A terra que tocava seus pés ungia as mãos dadas, tanto que por pouco tempo elas se soltaram. A certeza do outro não iria tão facilmente, dadas ou não as mãos. Mas justamente pela respiração em conjunto, justamente pelos passos dados sobre as mesmas pedras, justamente pela verdade de seus passos suas mãos se uniam, deliberadamente, para que o mundo pudesse abençoá-los. Por não precisarem dar as mãos, elas se davam. Por não terem medo de si mesmos, podiam compartilhar em silêncio esses momentos.
A estrada virou-se, súbita, para o paiol, indicando-lhes o passo. As pedras continuavam a infringir-lhes a pele, o que de nada adiantou. Porteira por porteira, o limite do velho paiol foi atingido, cinza que era, cinza que o sol poente fazia querer ser. Debaixo, da casinha de chaminé e figueira, não se via os bichos que ali cresciam, e tampouco a ruína duma velha casa ao lado, já com o mato a lhe tomar. A noite começava a entrar do alto do morro, e o vento insistia em avisá-los da hora próxima. Já não havia estrada, senhora de si; apenas um caminho que se imaginava a bel prazer no meio de pinheiros e seus cachos caídos, que levava ao topo. Os pés marcavam a terra, e vice-versa. Os passos foram comedidos, não sabia-se se pela onda de espinhos ou se pela dúvida do tesouro a encontrar-se. Ele fitava-lhe os pés e os seguia no possível, os ágeis pés da moça que ali cresceu. Mas não havia desdenho: era o caminho a ser seguido como o é aquele que aplica-se no primeiro dia de aula, traumático e contagiante. Seus pés só necessitavam acompanhar os passos dados, condição totalmente viável quando em aspectos técnicos da coisa. Faltasse-lhe o ar, que fosse, mas de lá não descia se pudesse chegar ao topo.
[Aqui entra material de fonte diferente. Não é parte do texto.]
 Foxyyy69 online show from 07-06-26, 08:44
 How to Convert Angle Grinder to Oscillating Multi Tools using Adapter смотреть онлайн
Será que de lá algo de celeste tocou-lhes? Houve de fato um deus naquele momento? Muitas coisas lhe vieram naquela hora, uma vida que se lhe entregava à porta de uma moradia nova. Escolhe, homem – diziam; mas é seu filho aquele que herdará seus desfeitos. E do mundo que em demasia pensava e observava, preferiu a distância.